- Badan Nasional Penanggulangan Bencana (BNPB) mencatat, penurunan jumlah bencana, dari 5.400 pada tahun 2023 menjadi 2.107 pada tahun 2024. Pergeseran signifikan terjadi pada jenis bencana hidrometeorologi yang meningkat signifikan seperti banjir dan tanah longsor akibat La Niña dan perubahan iklim. Kerusakan alam akibat industri ekstraktif tidak masuk sebagai instrumen penyebab bencana.
- Eko Teguh Paripurno, Direktur Pusat Penelitian Penanggulangan Bencana Universitas Pembangunan Nasional (UPN) Yogyakarta, mengatakan, selama ini perubahan iklim acapkali menjadi kambing hitam saat terjadi bencana. Padahal, salah satu pemicu perubahan iklim adalah rusaknya ekologis, termasuk ekstraktivisme.
- Aktivitas industri ekstraktif, seperti tambang nikel di Sulawesi, menyebabkan kerusakan lingkungan, pencemaran laut, dan hilangnya sumber penghidupan masyarakat lokal, seperti ikan dan rumput laut. Kasus seperti ikan Mola mola yang mati tercemar lumpur di Konawe menjadi simbol dampak buruk aktivitas ini.

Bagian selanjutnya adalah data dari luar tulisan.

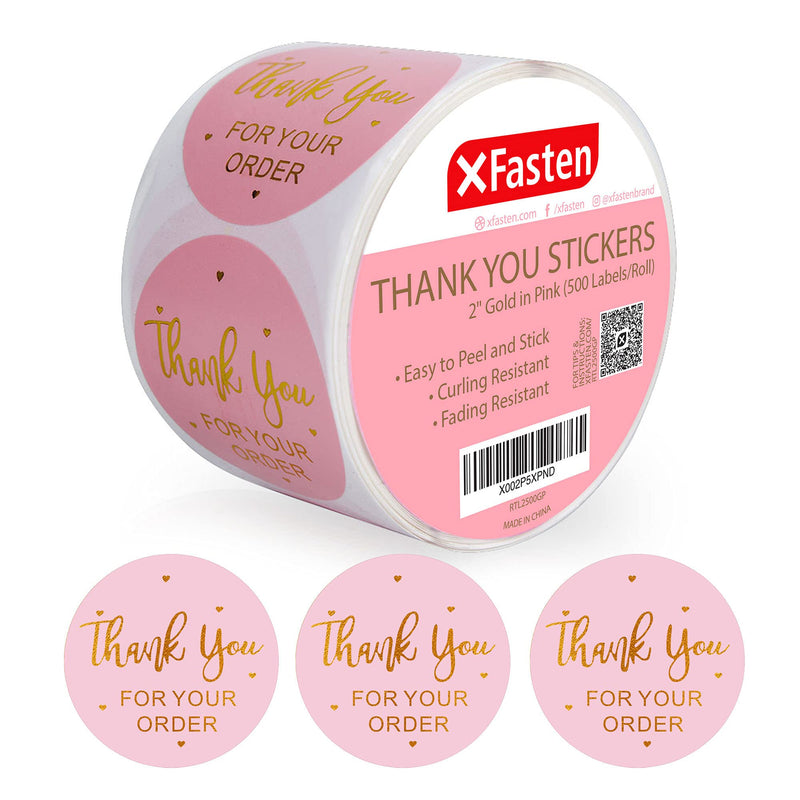 XFasten Pink Thank You Stickers Roll for Small Business, 500 2-inch Round Thank You Sticker Tags, Microwave-Safe Thank You Sticker Label Bulk for Packaging, Shipping, Shopping Bags and Envelopes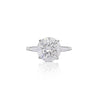 5.58ct G/I1 Round Diamond Baguette Side Stones Engagement Ring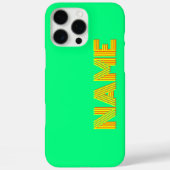 Coques Case-Mate iPhone Orange 3D jaune Nom moderne | Funny Spring Green (Verso)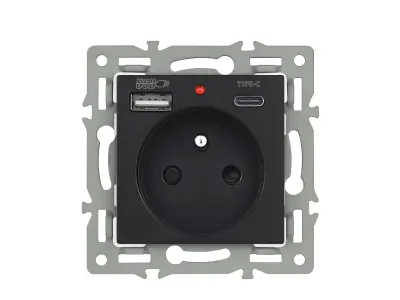 modul z�suvka MDZ230USB+C5V �ern� pro r�me�ek 82mm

- Rencana pemerintah melanjutkan Proyek Strategi Nasional (PSN) seperti food estate dan industri sawit skala besar terukur mempercepat degradasi lingkungan. Kebijakan ini dianggap mengancam keanekaragaman hayati, meningkatkan risiko bencana ekologis, dan memicu konflik sosial akibat kerusakan sumber daya alam.
Rentetan bencana mendera berbagai daerah di Indonesia sejak awal tahun hingga saat ini. Data Badan Nasional Penanggulangan Bencana (BNPB) menyebut, 7 Februari, tercatat 340 bencana terjadi dengan 84 orang meninggal dunia, 13 orang hilang dan 1,3 juta orang mengungsi. Tata kelola alam tak arif, krisis ekologis makin parah.
Masih merujuk data yang sama, bencana hidrometrologi mendominasi dengan jumlah 265 kejadian. Disusul cuaca ekstrem (34), tanah longsor (31), kebakaran hutan dan lahan (6), serta kekeringan (1).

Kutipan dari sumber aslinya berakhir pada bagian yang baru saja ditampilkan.